Monday, February 4, 2019

Do It, Even If They Say It's Stupid


There are so many things that I have done in life which I might have second thoughts about. So many.

Perhaps I should not have done it. Perhaps there were other ways to handle it. Perhaps I should have listened to my premonitions and not be reckless. Perhaps.

All the regrets would add up to nothing but a pile of 'what if's'. Of course not very thing that i have done have been worth while. Sometimes a little objectivity and rationale should have been in place to stop me from making really really stupid mistakes. Mistakes like not having a plan B when failure would take away a sizable chunk of the gains made.

One of the biggest stupidity I did was to quit a comfortable engineering job seeking an unknown career.
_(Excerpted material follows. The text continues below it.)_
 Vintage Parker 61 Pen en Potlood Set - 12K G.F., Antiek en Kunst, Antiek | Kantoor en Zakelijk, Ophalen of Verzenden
It took the next 10 years or so to give me the clarity through various jobs. But still, the journey was worth it. Having said that the other stupidity, in professional capacity, was to get emotionally attached to the job and not quitting when I should have. This cost me far more than anything. I do believe I wasted 5 years of my career in roles I overstayed on. That was so stupid of me.

It's not just in my profession, but also in life, relationships, actions and many more. I have stories that have stuck with me. Stories of making decisions and not making ones that cost me money, time, opportunities and relationships.

Biggest regret was not in taking a decision. The biggest ones were when I didn't take any decision and just let it pass. All because of my fears of failure or being afraid.

Or perhaps ... of the unknown. Baka!